+++ EXERCISE INPUTS +++

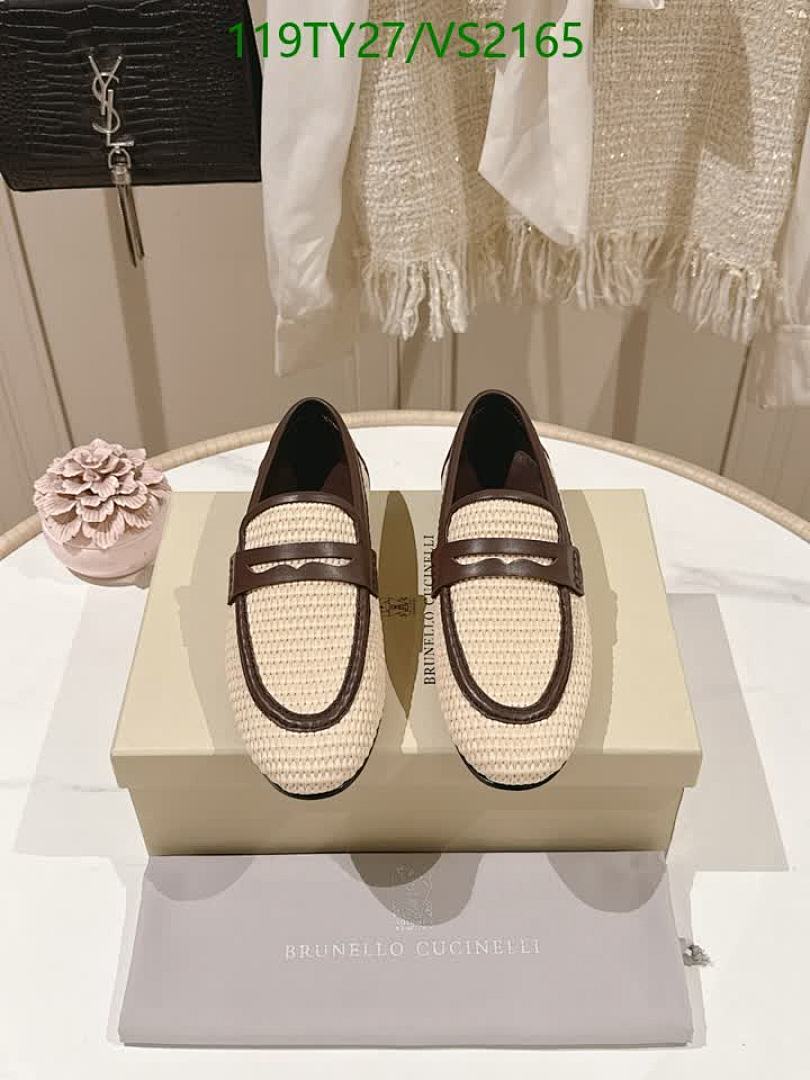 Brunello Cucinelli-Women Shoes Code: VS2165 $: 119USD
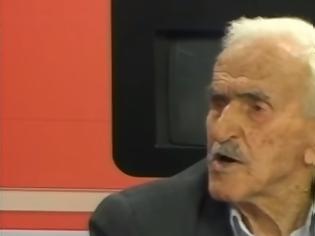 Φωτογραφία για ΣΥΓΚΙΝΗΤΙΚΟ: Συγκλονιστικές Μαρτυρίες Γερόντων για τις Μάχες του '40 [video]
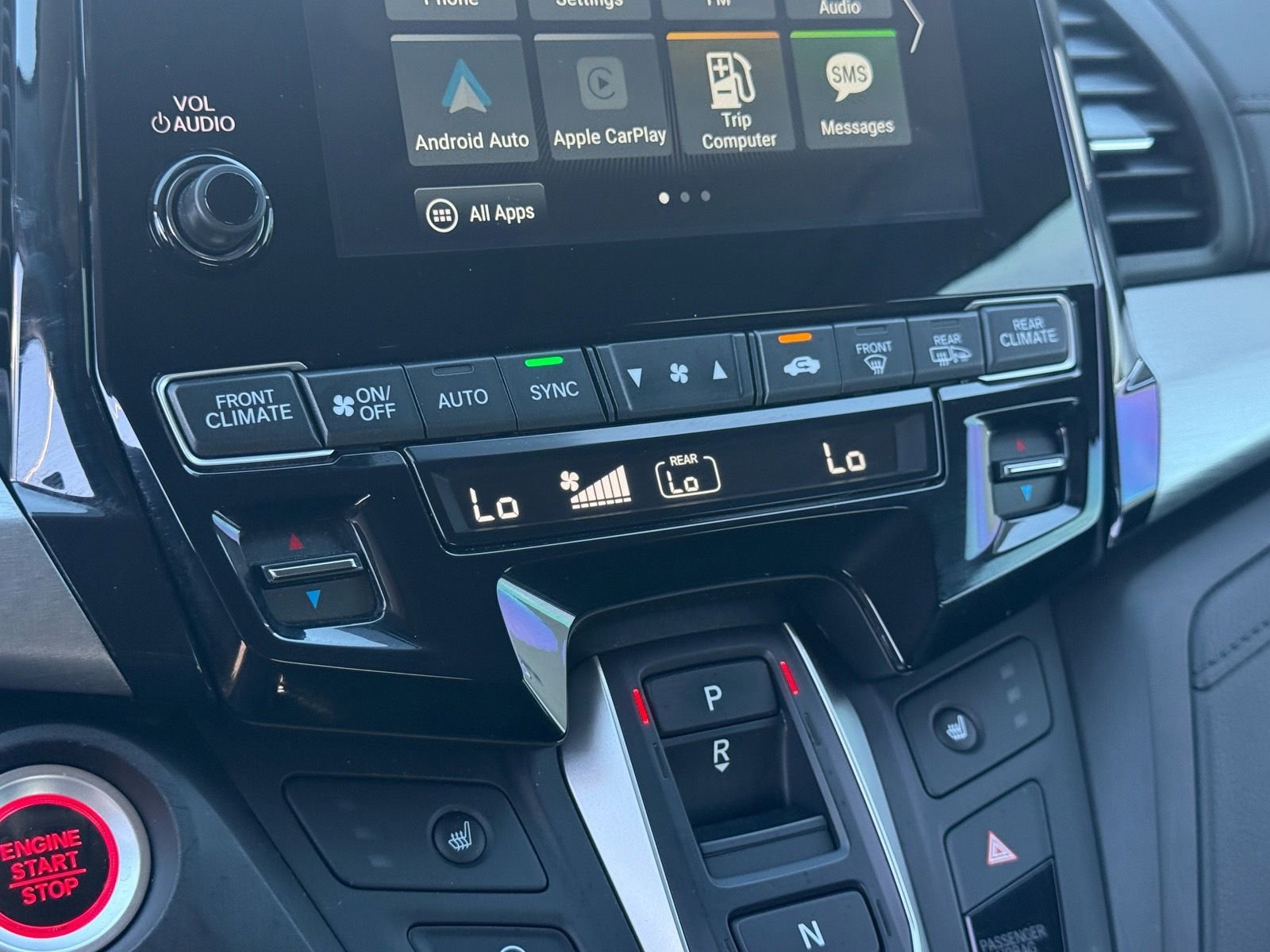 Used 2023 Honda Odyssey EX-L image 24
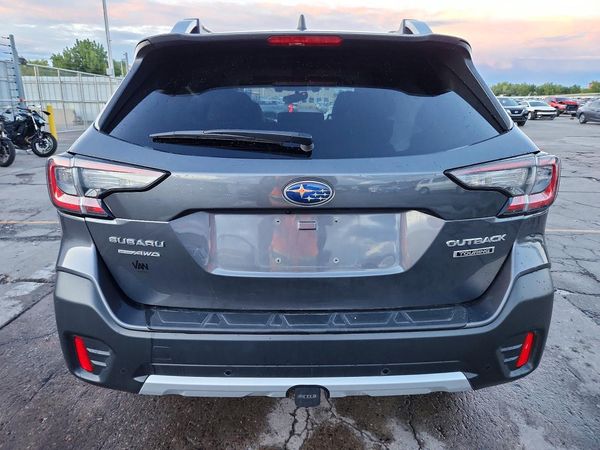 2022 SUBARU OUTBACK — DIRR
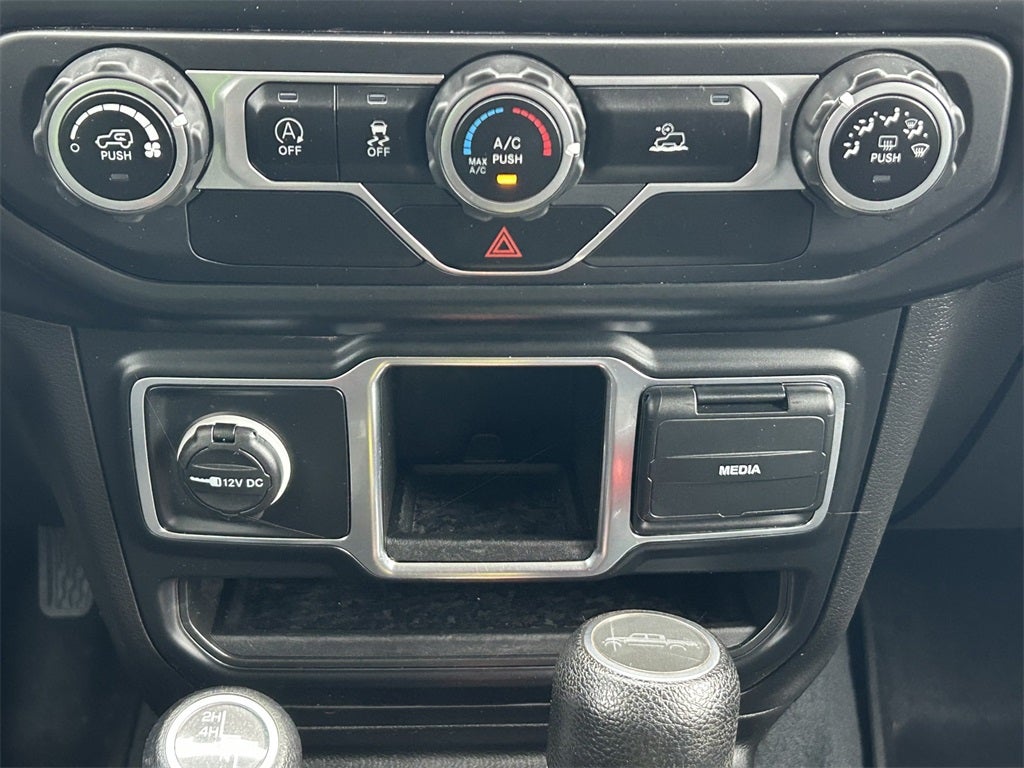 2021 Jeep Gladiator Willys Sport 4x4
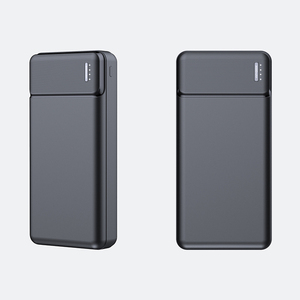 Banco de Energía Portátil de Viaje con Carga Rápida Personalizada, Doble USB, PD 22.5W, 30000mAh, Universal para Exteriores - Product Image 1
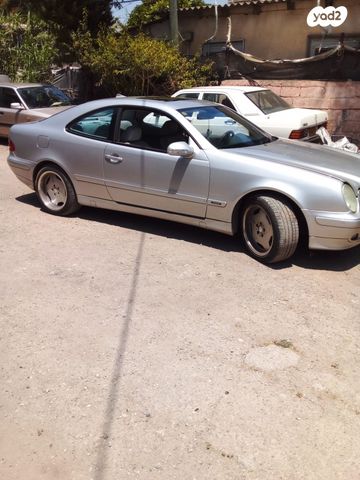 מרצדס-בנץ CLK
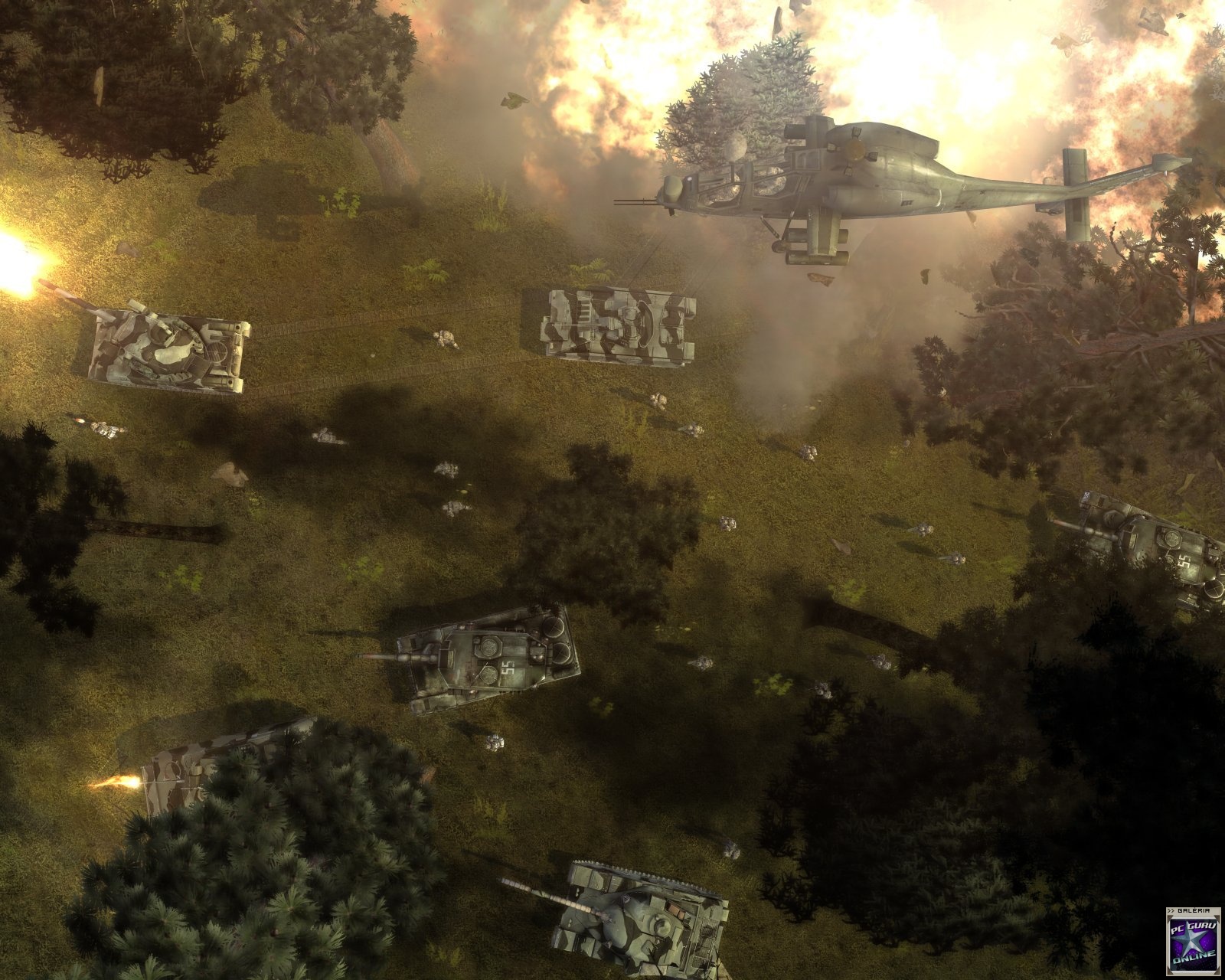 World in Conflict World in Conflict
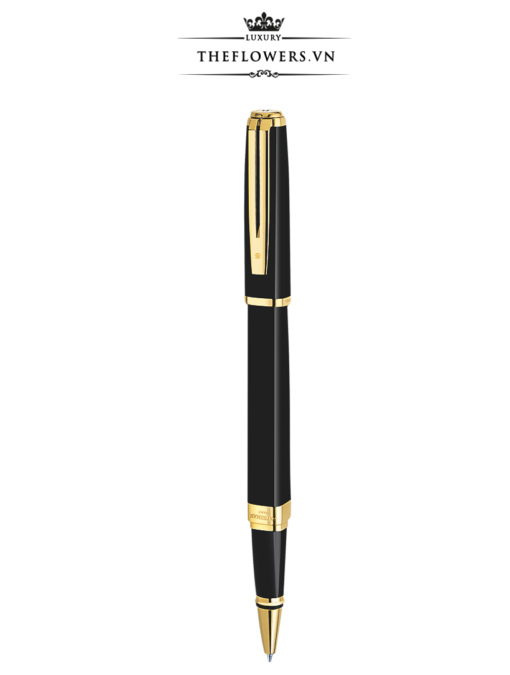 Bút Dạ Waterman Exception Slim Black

+++

EXERCISE BRIEF
Write the material out again exactly. Skip each picture.

SOLUTION FOR THIS PROBLEM
 Brunello Cucinelli-Women Shoes Code: VS2165 $: 119USD
 Φωτογραφία για ΣΥΓΚΙΝΗΤΙΚΟ: Συγκλονιστικές Μαρτυρίες Γερόντων για τις Μάχες του '40 [video]
 Used 2023 Honda Odyssey EX-L image 24
 2022 SUBARU OUTBACK — DIRR
 2021 Jeep Gladiator Willys Sport 4x4
 Banco de Energía Portátil de Viaje con Carga Rápida Personalizada, Doble USB, PD 22.5W, 30000mAh, Universal para Exteriores - Product Image 1
 מרצדס-בנץ CLK
 World in Conflict World in Conflict
 Bút Dạ Waterman Exception Slim Black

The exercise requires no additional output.